[Items from a dataset]
BEGIN
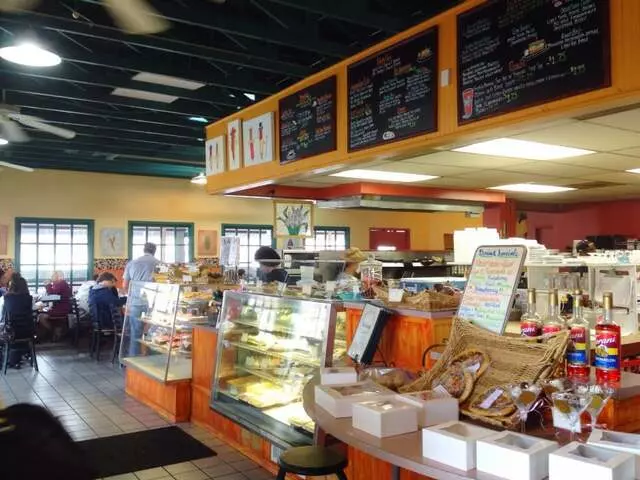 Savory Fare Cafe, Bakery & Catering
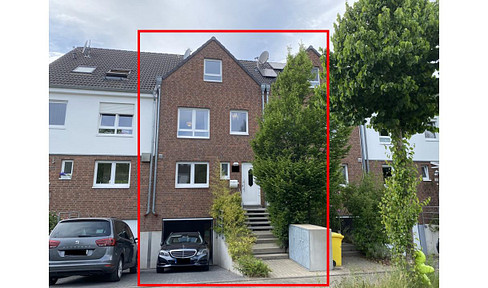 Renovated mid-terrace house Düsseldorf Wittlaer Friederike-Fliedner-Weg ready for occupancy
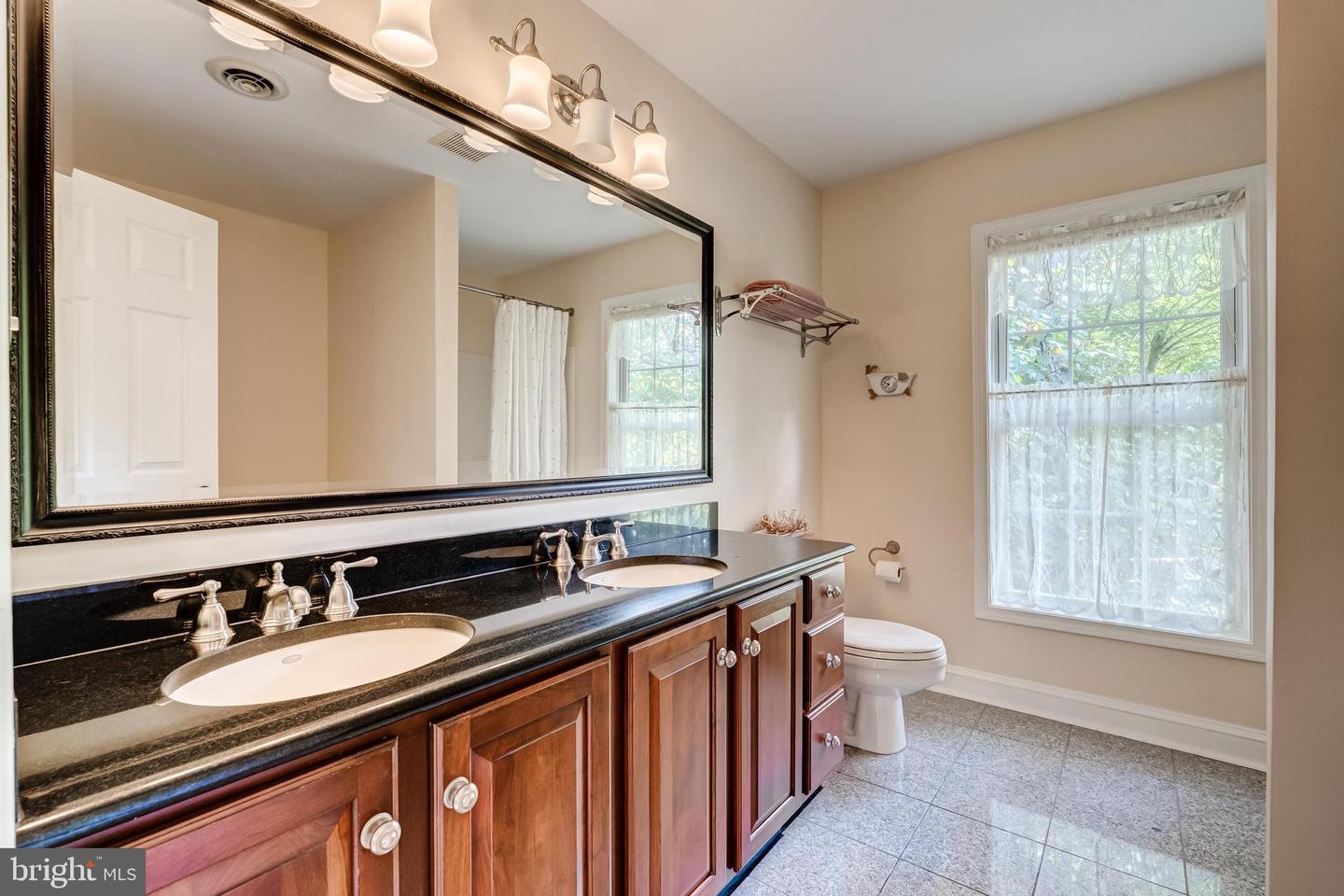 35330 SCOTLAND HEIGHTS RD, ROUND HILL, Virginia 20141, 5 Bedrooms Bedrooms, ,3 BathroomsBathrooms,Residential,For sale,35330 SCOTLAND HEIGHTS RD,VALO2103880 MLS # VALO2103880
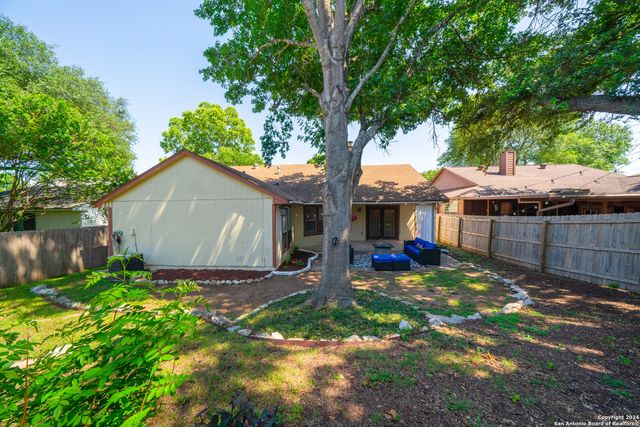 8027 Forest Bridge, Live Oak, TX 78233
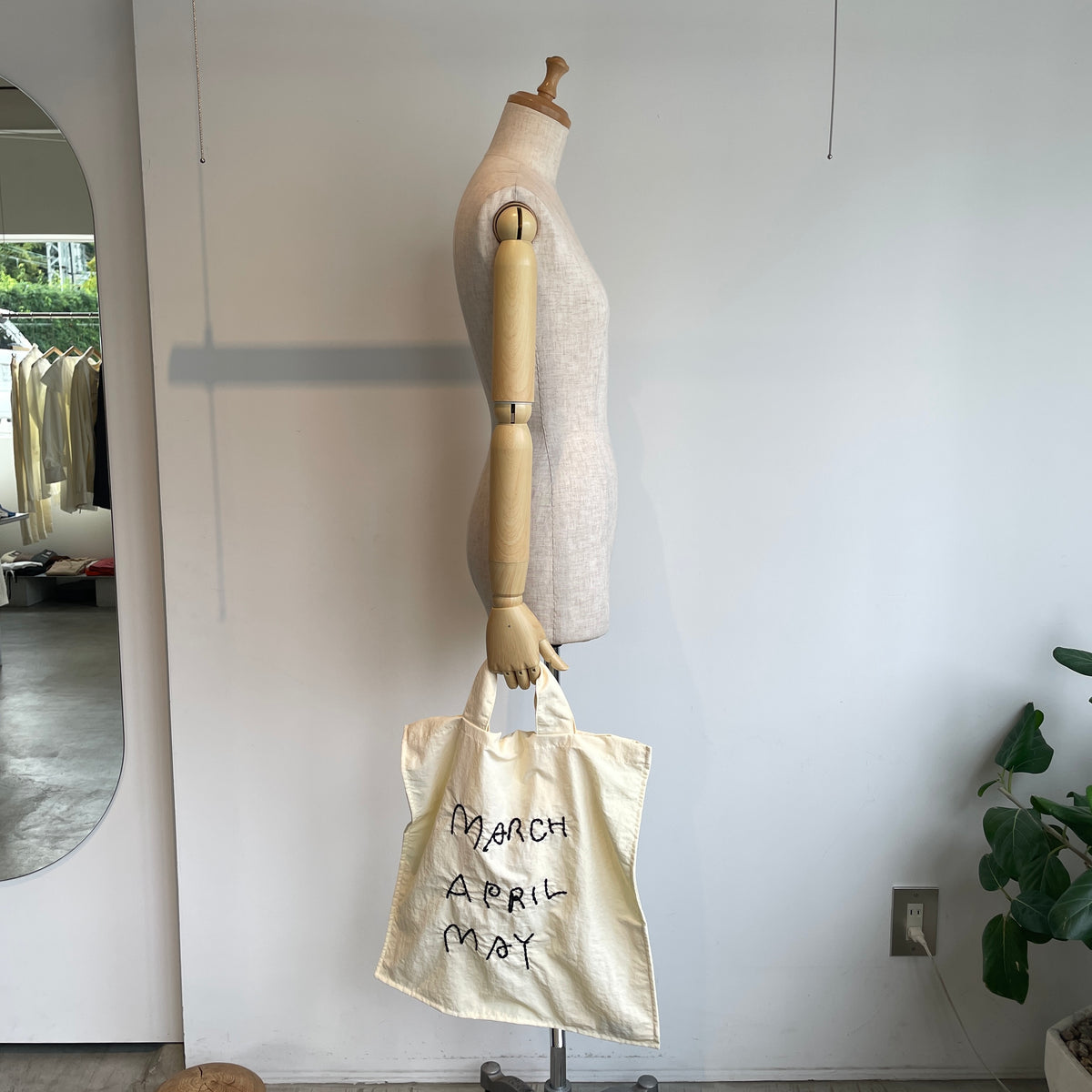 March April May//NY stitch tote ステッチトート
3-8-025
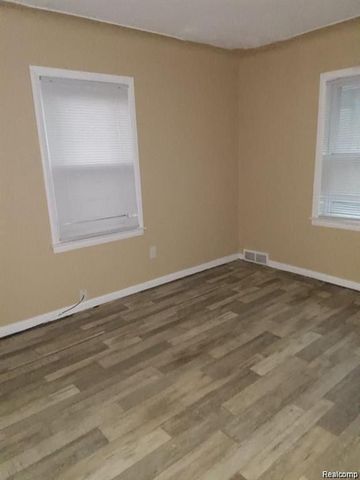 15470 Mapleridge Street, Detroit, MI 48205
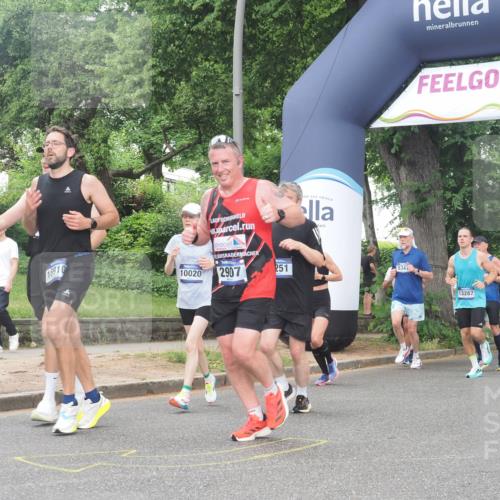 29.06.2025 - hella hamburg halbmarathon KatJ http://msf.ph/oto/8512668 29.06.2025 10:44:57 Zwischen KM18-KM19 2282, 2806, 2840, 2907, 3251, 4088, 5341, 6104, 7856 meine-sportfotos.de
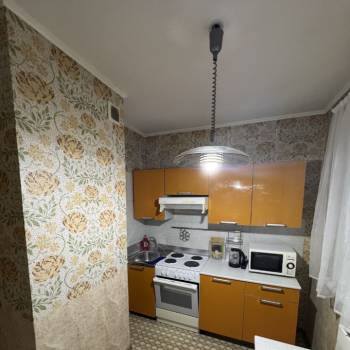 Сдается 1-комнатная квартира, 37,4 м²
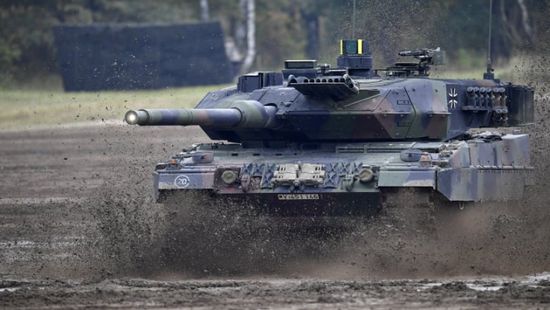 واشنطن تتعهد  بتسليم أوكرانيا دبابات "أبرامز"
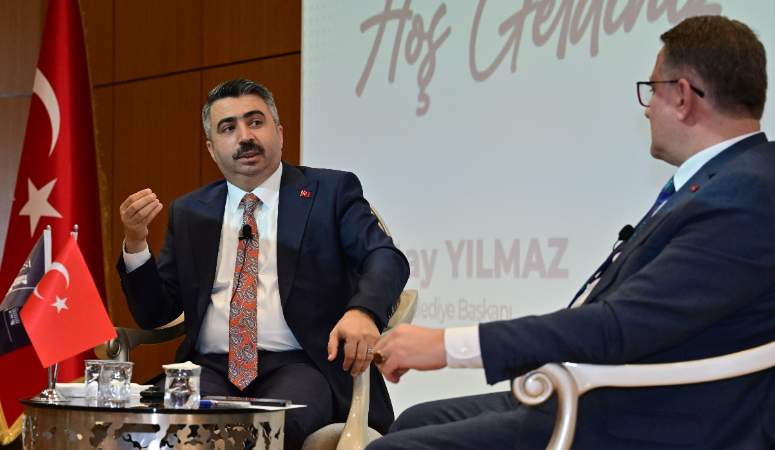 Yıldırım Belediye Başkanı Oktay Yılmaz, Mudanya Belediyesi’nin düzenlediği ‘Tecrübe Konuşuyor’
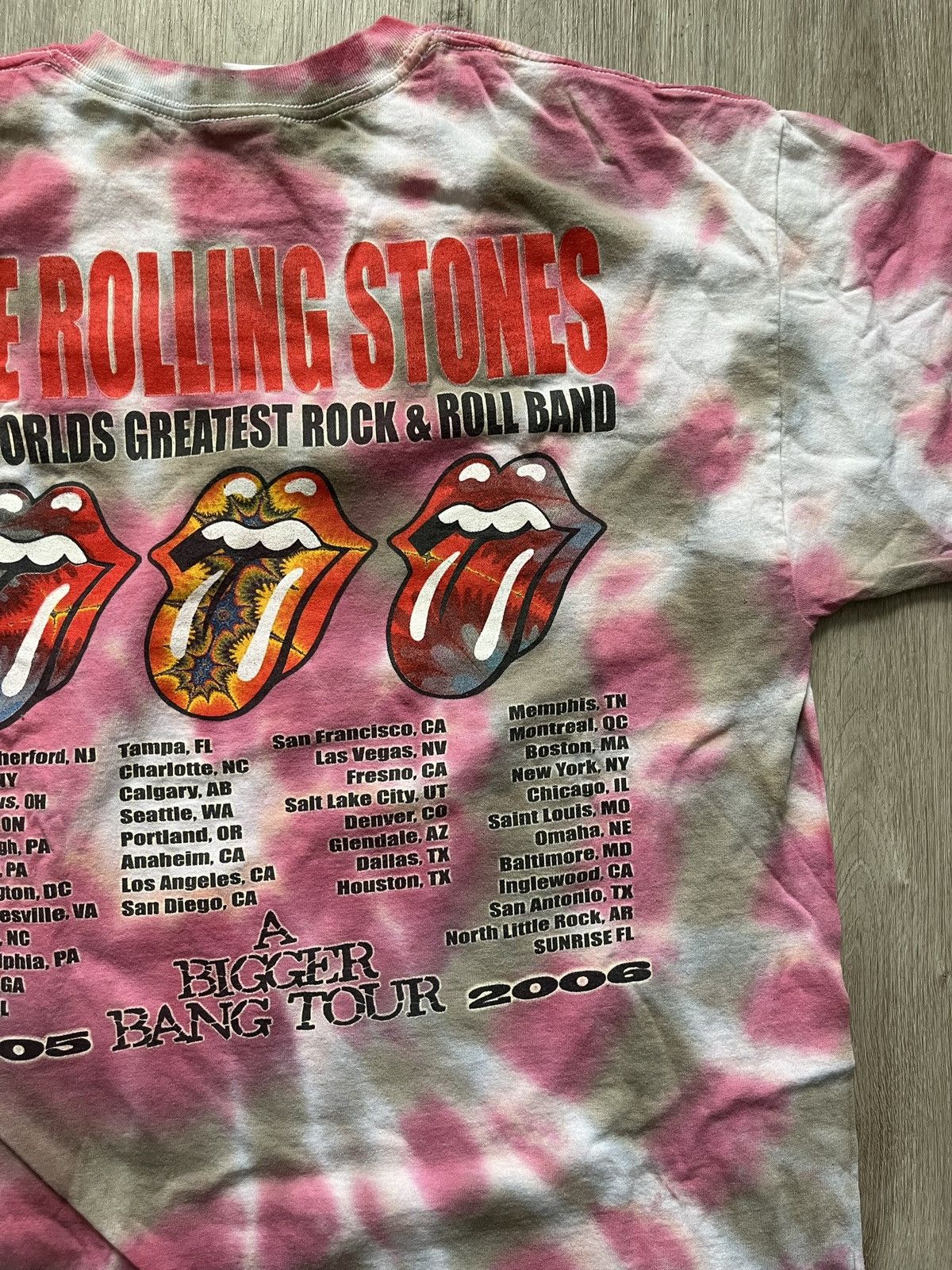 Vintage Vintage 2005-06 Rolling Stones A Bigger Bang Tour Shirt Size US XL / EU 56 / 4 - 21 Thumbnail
END
[What the task asks] What is needed is an exact repeat of the lines from the one containing "8027 Forest Bridge, Live Oak, TX 78233" through the last line of the records above, both included, with pictures left out.

[Exercise result]
 8027 Forest Bridge, Live Oak, TX 78233
 March April May//NY stitch tote ステッチトート
3-8-025
 15470 Mapleridge Street, Detroit, MI 48205
 29.06.2025 - hella hamburg halbmarathon KatJ http://msf.ph/oto/8512668 29.06.2025 10:44:57 Zwischen KM18-KM19 2282, 2806, 2840, 2907, 3251, 4088, 5341, 6104, 7856 meine-sportfotos.de
 Сдается 1-комнатная квартира, 37,4 м²
 واشنطن تتعهد  بتسليم أوكرانيا دبابات "أبرامز"
 Yıldırım Belediye Başkanı Oktay Yılmaz, Mudanya Belediyesi’nin düzenlediği ‘Tecrübe Konuşuyor’
 Vintage Vintage 2005-06 Rolling Stones A Bigger Bang Tour Shirt Size US XL / EU 56 / 4 - 21 Thumbnail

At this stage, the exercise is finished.